Top of DATA TO PROCESS

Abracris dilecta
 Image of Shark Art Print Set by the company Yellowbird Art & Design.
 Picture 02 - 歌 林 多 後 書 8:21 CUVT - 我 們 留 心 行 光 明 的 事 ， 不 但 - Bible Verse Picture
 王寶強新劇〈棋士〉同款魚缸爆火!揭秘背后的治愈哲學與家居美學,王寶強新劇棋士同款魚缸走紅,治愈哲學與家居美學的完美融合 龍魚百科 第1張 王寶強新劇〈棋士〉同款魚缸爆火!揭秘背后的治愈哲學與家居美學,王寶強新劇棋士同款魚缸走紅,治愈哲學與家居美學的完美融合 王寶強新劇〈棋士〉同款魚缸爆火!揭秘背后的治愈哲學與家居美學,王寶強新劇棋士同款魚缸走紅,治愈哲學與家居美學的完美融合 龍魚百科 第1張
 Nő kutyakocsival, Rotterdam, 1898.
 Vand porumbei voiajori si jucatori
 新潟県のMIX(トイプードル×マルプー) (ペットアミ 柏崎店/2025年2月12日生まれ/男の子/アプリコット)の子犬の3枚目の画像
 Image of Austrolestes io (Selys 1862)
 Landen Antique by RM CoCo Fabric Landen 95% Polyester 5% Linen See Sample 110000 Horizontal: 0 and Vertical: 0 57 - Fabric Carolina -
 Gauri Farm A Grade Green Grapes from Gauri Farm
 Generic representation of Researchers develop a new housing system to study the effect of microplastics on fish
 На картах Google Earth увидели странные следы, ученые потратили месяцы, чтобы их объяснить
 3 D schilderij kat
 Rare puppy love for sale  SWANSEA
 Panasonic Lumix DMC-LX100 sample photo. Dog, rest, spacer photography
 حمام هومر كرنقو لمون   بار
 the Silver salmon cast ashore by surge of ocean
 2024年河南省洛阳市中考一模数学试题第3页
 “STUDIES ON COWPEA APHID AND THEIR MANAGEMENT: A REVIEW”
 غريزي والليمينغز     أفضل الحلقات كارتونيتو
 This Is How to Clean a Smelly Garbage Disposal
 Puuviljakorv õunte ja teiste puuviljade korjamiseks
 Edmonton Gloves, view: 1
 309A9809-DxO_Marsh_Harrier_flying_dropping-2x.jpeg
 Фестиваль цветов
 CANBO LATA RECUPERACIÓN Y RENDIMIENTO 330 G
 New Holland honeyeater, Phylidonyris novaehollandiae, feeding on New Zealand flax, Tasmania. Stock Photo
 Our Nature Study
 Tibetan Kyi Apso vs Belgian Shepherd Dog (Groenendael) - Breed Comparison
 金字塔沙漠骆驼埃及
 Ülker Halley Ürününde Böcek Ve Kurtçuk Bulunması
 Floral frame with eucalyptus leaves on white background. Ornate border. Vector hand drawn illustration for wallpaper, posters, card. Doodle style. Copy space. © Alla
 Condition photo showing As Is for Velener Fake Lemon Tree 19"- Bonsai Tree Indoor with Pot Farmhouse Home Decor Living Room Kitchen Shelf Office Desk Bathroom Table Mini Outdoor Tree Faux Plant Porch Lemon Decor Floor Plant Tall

Bottom of DATA TO PROCESS

◆ INSTRUCTIONS FOR THE TASK
Using the entries above, repeat only the lines from the one containing "Image of Shark" through the one containing "Nő kutyakocsival, Rotterdam, 1898.", end lines included.

◆ SOLUTION TO THIS PROBLEM
 Image of Shark Art Print Set by the company Yellowbird Art & Design.
 Picture 02 - 歌 林 多 後 書 8:21 CUVT - 我 們 留 心 行 光 明 的 事 ， 不 但 - Bible Verse Picture
 王寶強新劇〈棋士〉同款魚缸爆火!揭秘背后的治愈哲學與家居美學,王寶強新劇棋士同款魚缸走紅,治愈哲學與家居美學的完美融合 龍魚百科 第1張 王寶強新劇〈棋士〉同款魚缸爆火!揭秘背后的治愈哲學與家居美學,王寶強新劇棋士同款魚缸走紅,治愈哲學與家居美學的完美融合 王寶強新劇〈棋士〉同款魚缸爆火!揭秘背后的治愈哲學與家居美學,王寶強新劇棋士同款魚缸走紅,治愈哲學與家居美學的完美融合 龍魚百科 第1張
 Nő kutyakocsival, Rotterdam, 1898.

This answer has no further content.